> _EXERCISE GOAL_: Search the entries below. Return every line that has "avec" in it.

> _DATA PROVIDED_:
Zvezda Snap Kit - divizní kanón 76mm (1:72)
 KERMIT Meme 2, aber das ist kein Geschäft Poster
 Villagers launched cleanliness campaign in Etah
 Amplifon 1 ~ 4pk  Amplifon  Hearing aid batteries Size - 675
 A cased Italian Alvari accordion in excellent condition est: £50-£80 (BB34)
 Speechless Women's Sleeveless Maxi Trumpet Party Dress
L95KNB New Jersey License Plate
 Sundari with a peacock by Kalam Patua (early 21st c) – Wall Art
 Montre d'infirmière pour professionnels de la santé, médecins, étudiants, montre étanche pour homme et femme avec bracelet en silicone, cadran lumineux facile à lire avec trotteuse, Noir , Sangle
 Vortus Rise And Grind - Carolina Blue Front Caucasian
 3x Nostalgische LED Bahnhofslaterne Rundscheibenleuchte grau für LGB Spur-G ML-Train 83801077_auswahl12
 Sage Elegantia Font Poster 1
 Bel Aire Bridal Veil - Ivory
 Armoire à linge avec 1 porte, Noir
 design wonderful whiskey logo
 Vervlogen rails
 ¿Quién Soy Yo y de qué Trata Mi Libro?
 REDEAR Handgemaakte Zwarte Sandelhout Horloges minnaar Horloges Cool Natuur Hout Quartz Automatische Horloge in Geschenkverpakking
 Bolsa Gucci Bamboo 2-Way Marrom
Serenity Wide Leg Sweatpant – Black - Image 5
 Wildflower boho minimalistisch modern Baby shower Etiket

> _RESPONSE TO THIS TASK_:
 Montre d'infirmière pour professionnels de la santé, médecins, étudiants, montre étanche pour homme et femme avec bracelet en silicone, cadran lumineux facile à lire avec trotteuse, Noir , Sangle
 Armoire à linge avec 1 porte, Noir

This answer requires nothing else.